## Instructions to follow
Retype the line with "Bright green grosgrain" exactly. Then retype every line after it through the end of the entries below, and nothing more, leaving out pictures.

## Given records
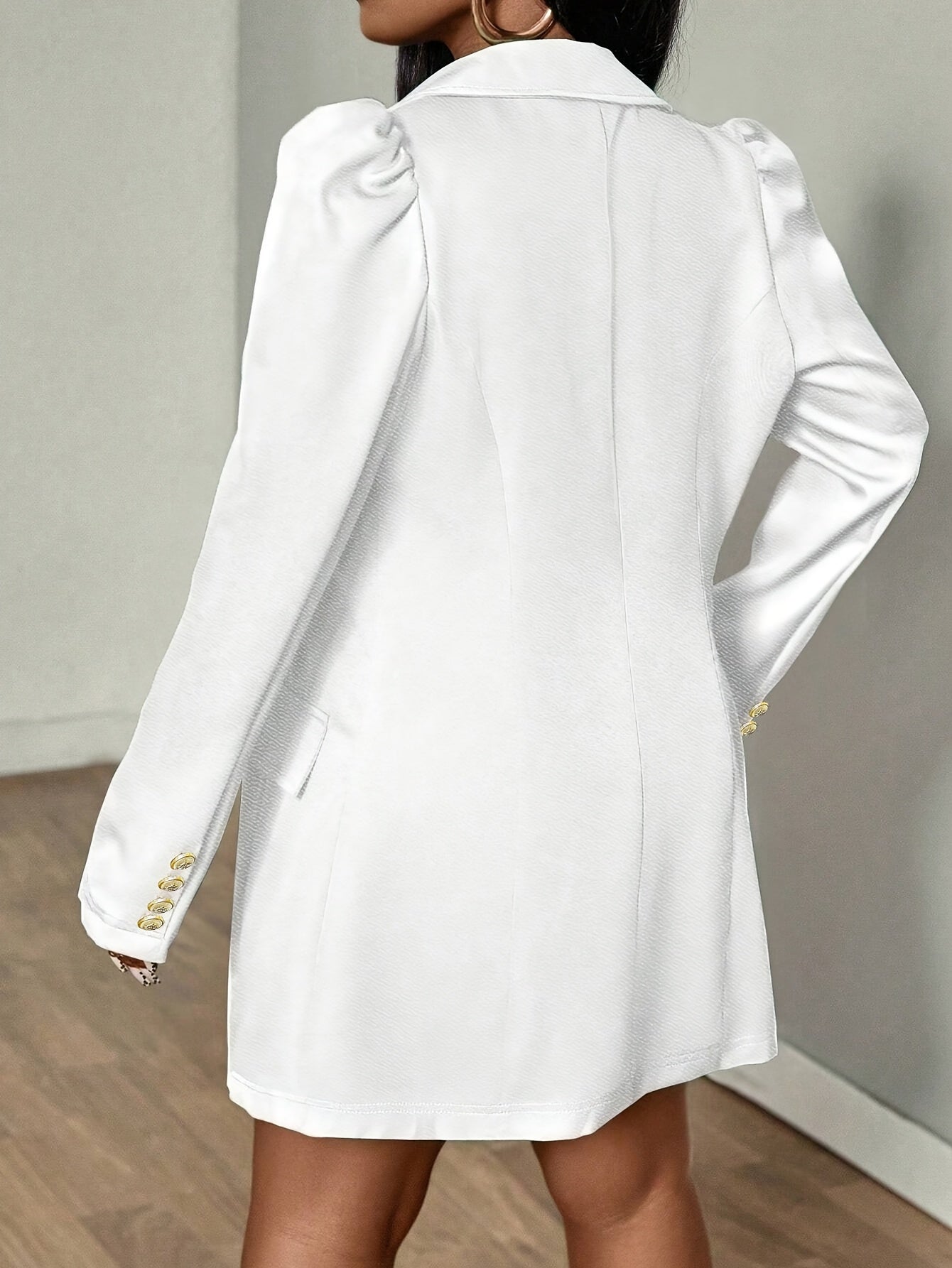 Women's Elegant Double-Breasted Blazer with Puff Sleeves and Faux Pockets - White, Long Sleeve, Mid-Length, High Stretch Fabric, Perfect for Spring and Fall, Everyday Chic, Formal Office Wear | Classic Notched Lapel | Functio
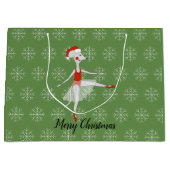 バレリナマウスクリスマススノーフレークスグリーン ラージペーパーバッグ (正面)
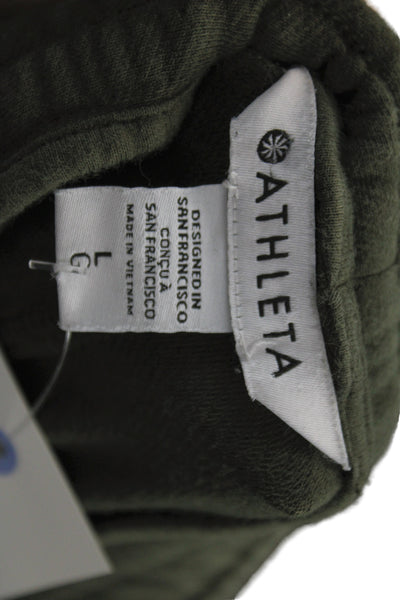 Athleta Womens Cotton Drawstring Tied Jogger Sweatpants Green Size L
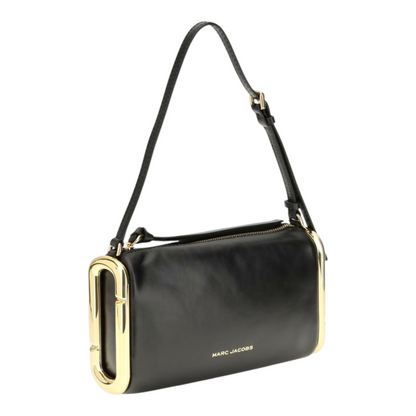 Bolso de hombro pequeño Juliette de XT & Co en piel negra lisa con detalles metálicos dorados y correa ajustable.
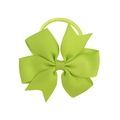 Bright green grosgrain ribbon fishtail bow hair tie with elastic band for girls - Bright Green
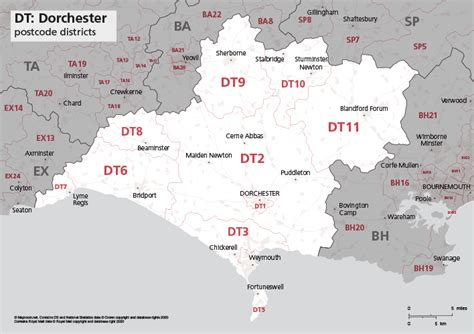 Map of DT postcode districts – Dorchester – Maproom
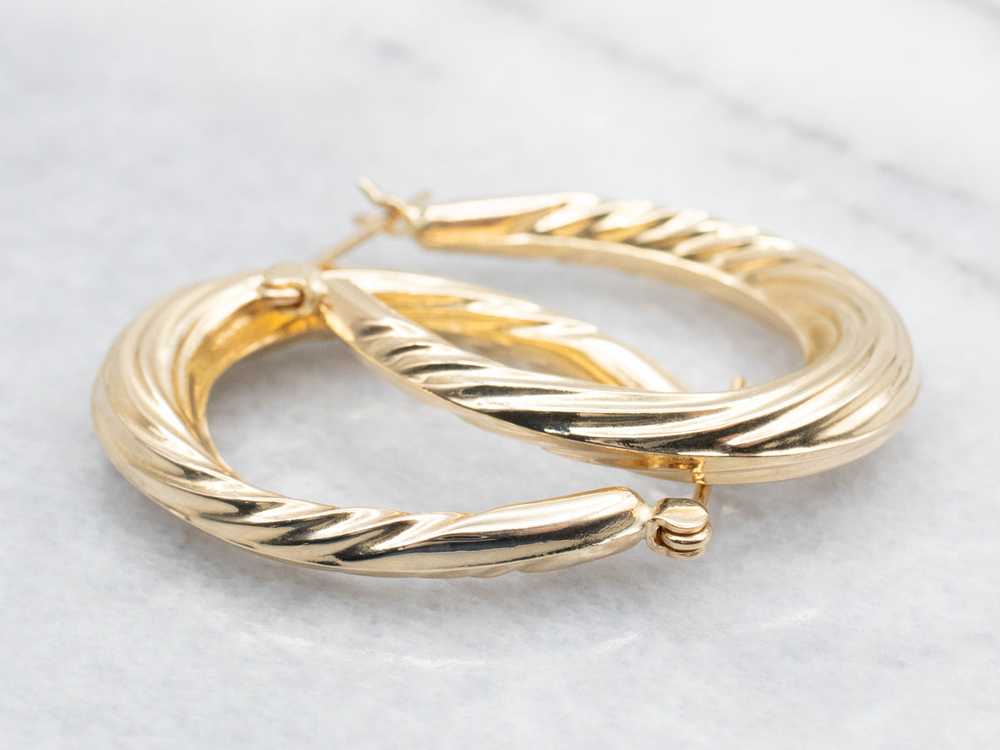 Hollow Oval Twist Hoop Earrings - image 3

## Output for this exercise
 Bright green grosgrain ribbon fishtail bow hair tie with elastic band for girls - Bright Green
 Map of DT postcode districts – Dorchester – Maproom
 Hollow Oval Twist Hoop Earrings - image 3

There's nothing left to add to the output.